Saturday, June 21, 2008

Where's GRUB?! Ubuntu 8.04 LTS Server & RAID1

Where to begin? (I guess check out my previous post?)

First, my release to release upgrade to Ubuntu 8.04 LTS server was going along fairly well. The upgrade from Edgy (6.10) to Feisty (7.04) went fairly well, except that it dropped one of my drives from the RAID arrays—easily remedied. Just added the partitions back into their respective RAID devices.

Next up, time to move from Feisty (7.04) to Gutsy (7.10) and if all went well, the final move to Hardy Heron (8.04 LTS).

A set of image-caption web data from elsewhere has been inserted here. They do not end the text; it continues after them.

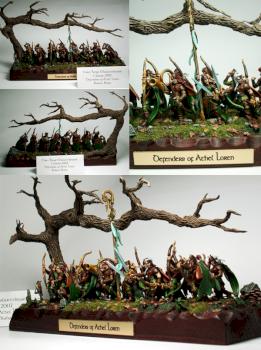 Wood Elf Glade Guard by muhani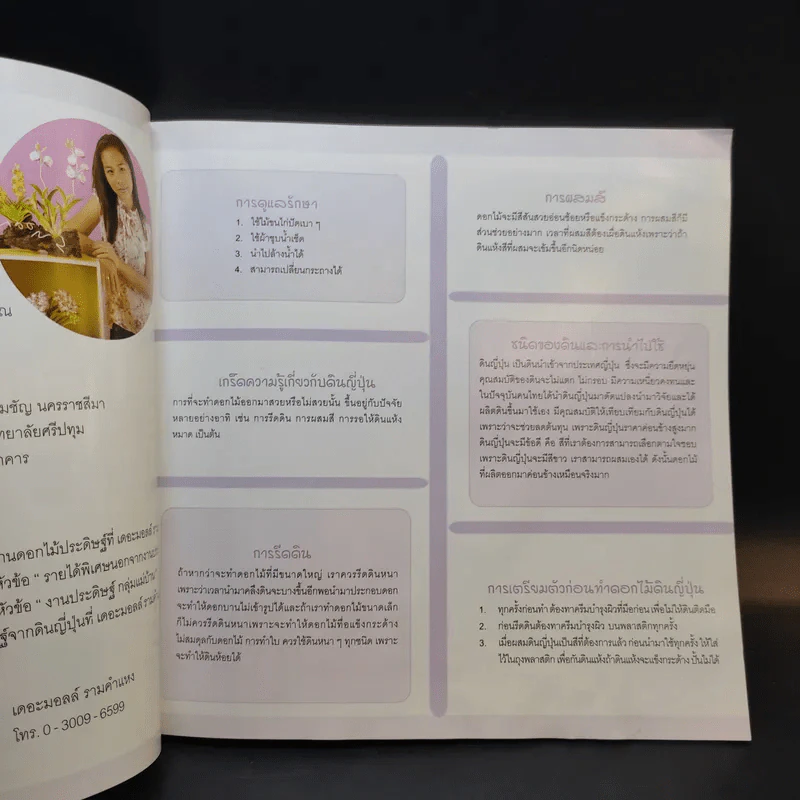 ดอกไม้ดินญี่ปุ่น - สุภาวดี เทพคุ้ม รูปที่ 11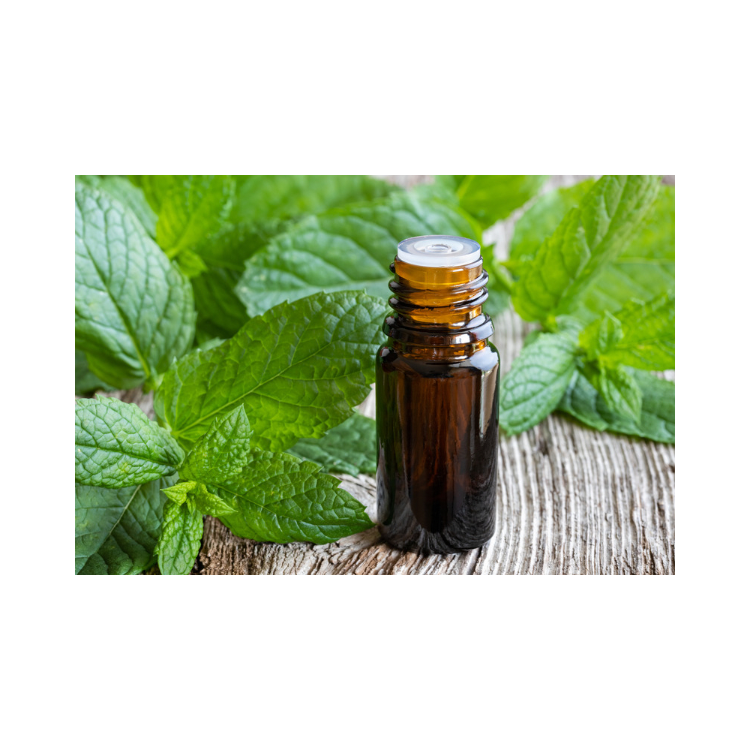 Copy of Copy of Untitled Design 3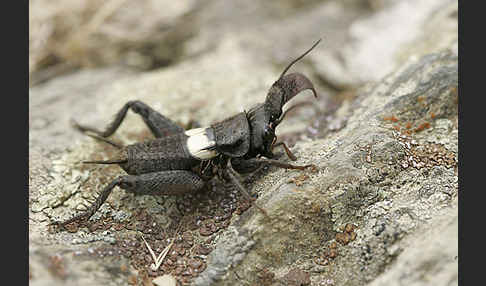 Grille spec. (Sciobia lusitanica)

All did not go well in the upgrade from 7.04 to 7.10—although, I must admit here that most of it was my fault. This time I did the upgrade the "official" way.

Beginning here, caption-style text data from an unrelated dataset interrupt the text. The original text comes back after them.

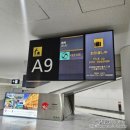 덕심슈퍼 | 덕질여행｜일본 요코하마 2박 3일 여자 혼자여행 후기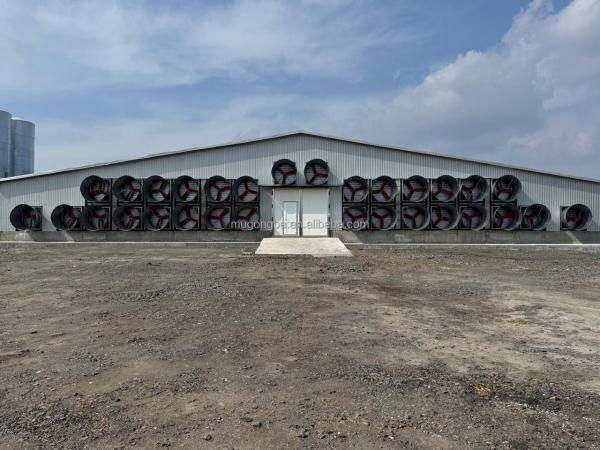 Durable Poultry Farming Floor System for Broiler Chickens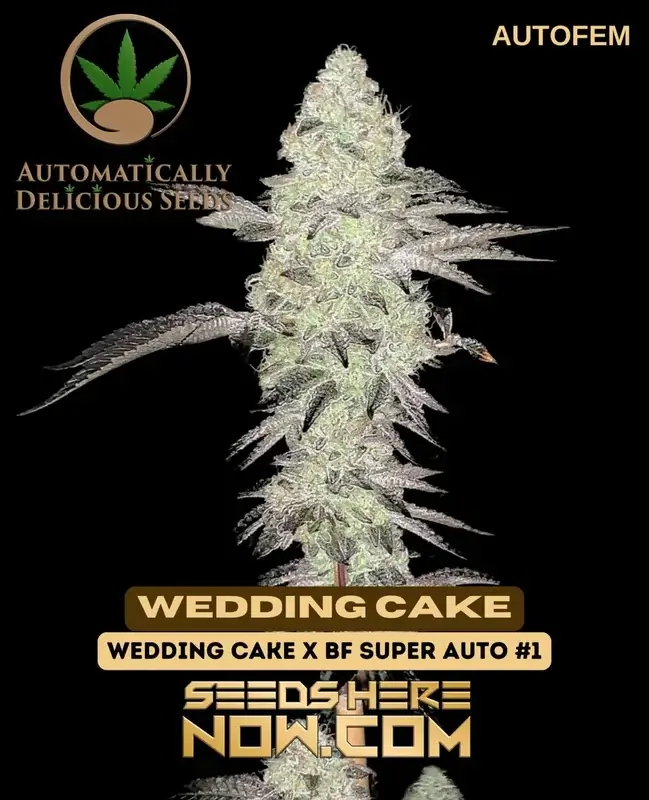 Pack of Wedding Cake Auto autoflower seeds showing 25% THC content and hybrid dominance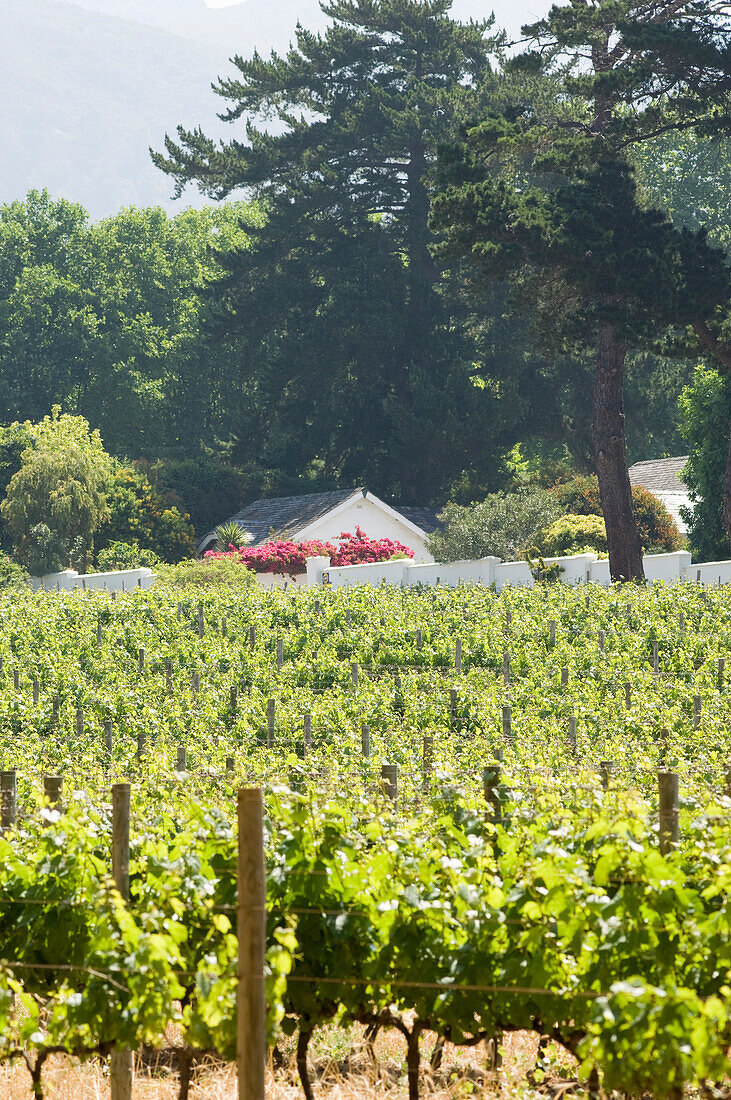 Weingut und Reben im Sonnenlicht, Buitenverwachting, Constantia, Kapstadt, Südafrika, Afrika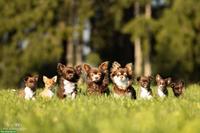 Wunderschöne Chihuahua Welpen Rüden in Schoko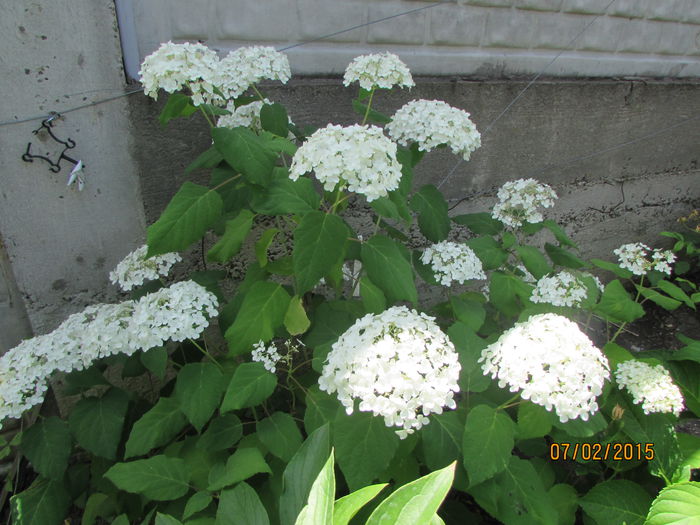 Hortensia Anabelle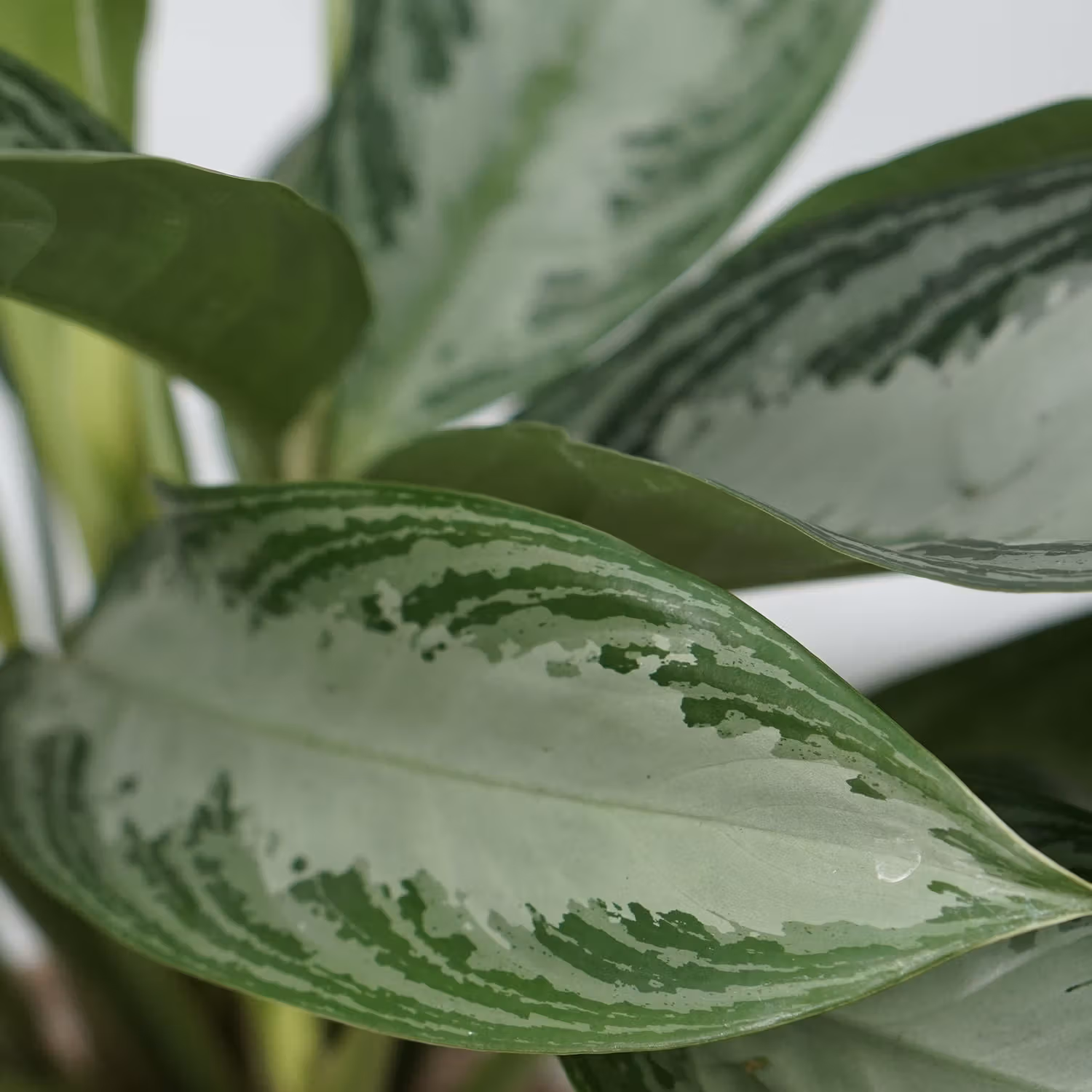 Aglaonema Silver Bay in Eco-Friendly Jute Pot - Perfect Indoor Greenery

Network upgrade for Ubuntu servers (recommended)

If you run an Ubuntu server, you should use the new server upgrade system.
  1. enable the "dapper-updates" repository
  2. install the new "update-manager-core" package - dependencies include python-apt, python-gnupginterface and python2.4-apt.
  3. run "sudo do-release-upgrade" in a terminal window
  4. follow the steps on the terminal window
This approach seemed to work just fine, and since my box is headless I even ran it over SSH without any issue (even with the warning that doing the upgrade over SSH is probably not ideal).

When I rebooted however the box had no network connectivity. ifconfig revealed only the lo interface. eth0 was gone. sudo lshw showed that the NIC was disabled for some reason. I finally tracked the problem down to /etc/udev/rules.d/70-persistent-net.rules that had "updated" eth0 to eth1 for whatever bizarre reason. I simply change eth0 to eth1 in /etc/network/interfaces and ran sudo /etc/init.d/network restart and all was well again.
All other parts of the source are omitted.